For a party trying to maximize their seat share, it is never within their best interest to nominate fewer candidates than there are votes allowed per voter. Nominating fewer leaves their supporters unable to use all of their votes on them, leaving some votes either unused, or used on their opponents. A party should only nominate more than this if they have the raw support, and proper organization to win more than this, as shown in the Birmingham example. In other words, if $L$ is the number of votes allowed per voter, and $K$ is the number of seats a party expects to win through proper coordination, they should nominate $\max(L,K)$.

In general, in a two-party system, if $L>\frac{S}{2}$ and both parties run exactly $L$ candidates, then the party with the most support is expected to win $L$ seats, and the runner up is expected to win $S-L$ seats. If party is aiming for $K$ seats where $K>L$, they will need support greater than $\frac{K}{K+L}$ and proper coordination of their voters. Any party nominating $L$ candidates or fewer does not need to coordinate with their supporters, as their voters only need to vote for all of the candidates they have nominated.
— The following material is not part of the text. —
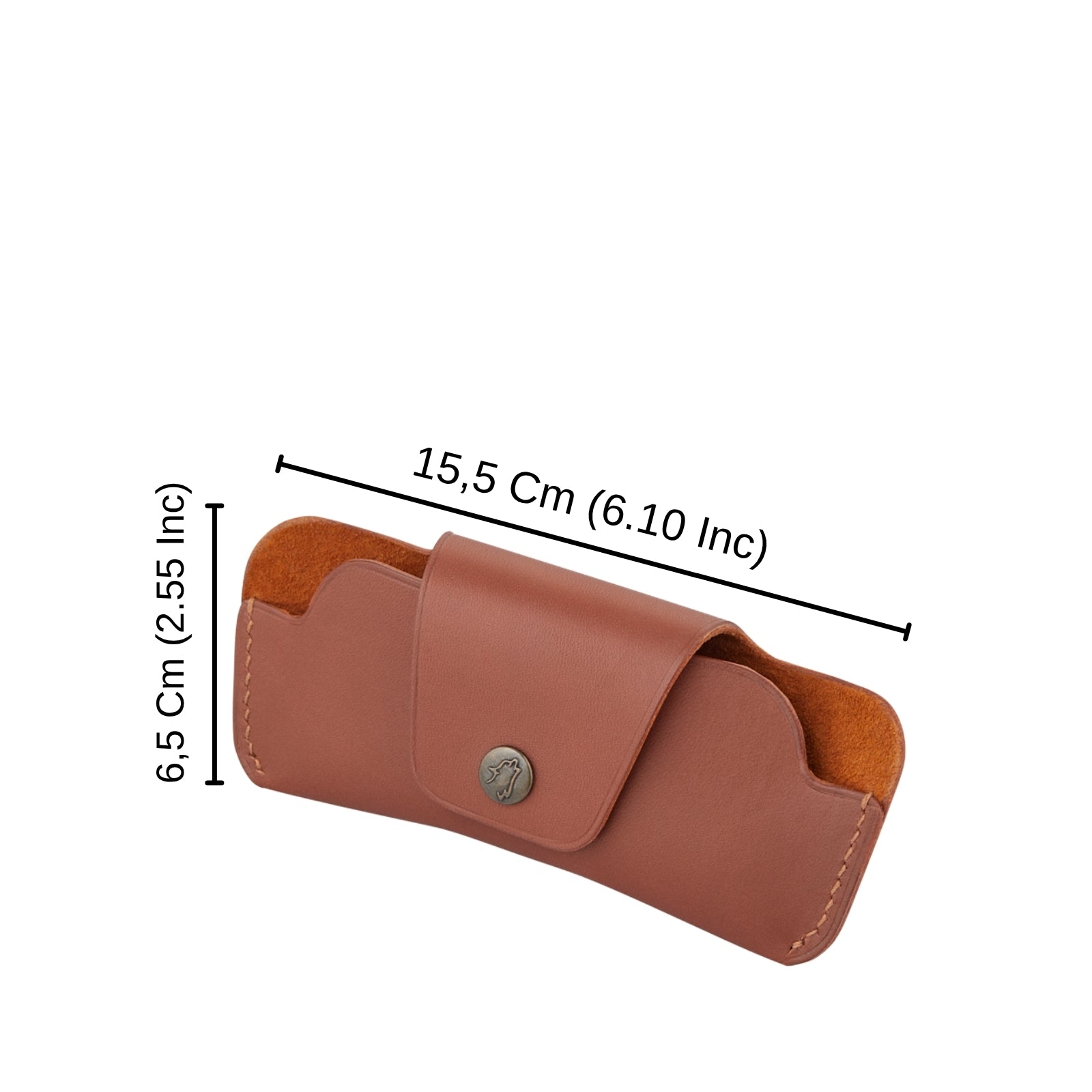 Nova Deri Optik Gözlük Kılıfı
== Types of Limited Voting ==
An PR expert described the two types of limited voting:

-Limited vote (ordinary form) where each voter has a number of votes equivalent to more than half the seats being filled. An example of this is the Birmingham 1880 election described above. Two parties at most are likely represented, and never more than the number of seats.

-Limited vote (special form) where each voter has a number of votes equivalent to less than half the seats being filled. An example of this occurred In Japan during the US-led Allied occupation. In the first post-war election in 1946: in districts with ten or fewer representatives each voter had two votes; in districts with more than ten representatives each voter had three votes. In that election, with district magnitude mostly ranging from 6 to 23, many parties (usually 4 to 7 or more) elected representatives in almost every district.

==History and current use==
- Historic
- In Argentina for the Chamber of Deputies elections, between 1912 and 1948, and between 1958 and 1962.
- In Spain for general, provincial and local elections until 1936.
- In Portugal for legislative elections from 1884 to 1895 and from 1901 to 1926.
- Between 1867 and 1885 in the UK for some House of Commons constituencies.
- In Italy at the end of the nineteenth century.
- In Japan during the US-led Allied occupation in the first post-war election in 1946 permitting two votes per voter in districts with ten or fewer representatives and three votes in districts with more than ten representatives.
- In Estonia, for the Congress of Estonia election in 1990.
- In Canada in Ontario provincial elections in 1896 and 1900 to elect Toronto MLAs.

- Current
- In Spain since the restoration of democracy (the end of governance by General Franco) to elect senators from/for the mainland (three votes per voter for four seats per province).
- In the US to elect most municipal offices in Connecticut, many county commissions in Pennsylvania, and some in other states. It has been adopted to resolve voting rights cases in more than 20 municipalities in Alabama and North Carolina, as detailed in Arrington and Ingalls' 1998 article "The limited vote alternative to affirmative districting" (Political Geography, Volume 17, Number 6, Aug 1998, pp. 701–728). In 2009 a federal judge ordered its use for school board elections in Euclid, Ohio.
- In Gibraltar (10 votes per voter for all 17 seats).

=='Fixed Ratio' or closed-list version of Limited Vote==

The electoral system whereby two seats are assigned to the leading party-list and one seat to the second-placed party-list normally has the same result as limited vote with two votes per voter for three seats. It is used for the Senate of Argentina and 96 out of 128 seats for the Senate of Mexico, as well as the Senate of Bolivia until 2005. A similar system was used for the Bolivian Constituent Assembly elections of 2 July 2006. Part of the Parliament of Singapore is made up of MPs who finished second in their respective constituencies.